It looks like 2014 could be the year that American households start taking on serious debt.

For five years after the financial crisis, consumers cut back on borrowing. When the housing bubble burst, leaving millions with mortgage debt they struggled to pay off, many Americans held off on the new car or dishwasher and instead shored up their personal balance sheets.

The glaring exception was student borrowing, which boomed as millions sought refuge from the jobs crisis in college.

But, it now seems clear, that long process of deleveraging finally came to an end in mid-2013. Americans finally began adding mortgage debt, and picked up the pace of their borrowing for other kinds of spending, as data from the Federal Reserve Bank of New York's credit survey shows.

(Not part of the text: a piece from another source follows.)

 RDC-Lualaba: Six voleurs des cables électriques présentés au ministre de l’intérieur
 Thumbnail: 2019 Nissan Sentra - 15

It appears that 2014 could be the year that consumer borrowing, setting aside mortgages, takes off.

The Federal Reserve will report on consumer credit for June on Thursday, and if the past few releases are a guide, it will suggest that there's a mini-boom in non-mortgage borrowing.

Households added debt at a 6.6 percent annualized clip in the first quarter, according to the Fed. The leveraging only accelerated in April and May, at 10 percent and 7.4 percent respectively.

That growth reflects relatively heavy use of credit cards. But the strongest growth, at over 9 percent for each of the past three months, has been in student and car loans. The recent increase in car loans to subprime borrowers, in particular, has been notable.

The Obama administration would like to see that credit growth replicated in the housing sector as well. In May, Mel Watt, the new director of the agency that oversees housing finance, announced that he would redirect the agency's mission from decreasing the market footprint of Fannie Mae and Freddie Mac toward expanding lending. Banks have maintained high standards for creditworthiness in the wake of the housing collapse.

The Obama administration and officials at the Fed believe have said that greater mortgage lending would help the economic recovery accelerate. Sustainable growth in other forms of consumer lending could be the precursor to what they want to see.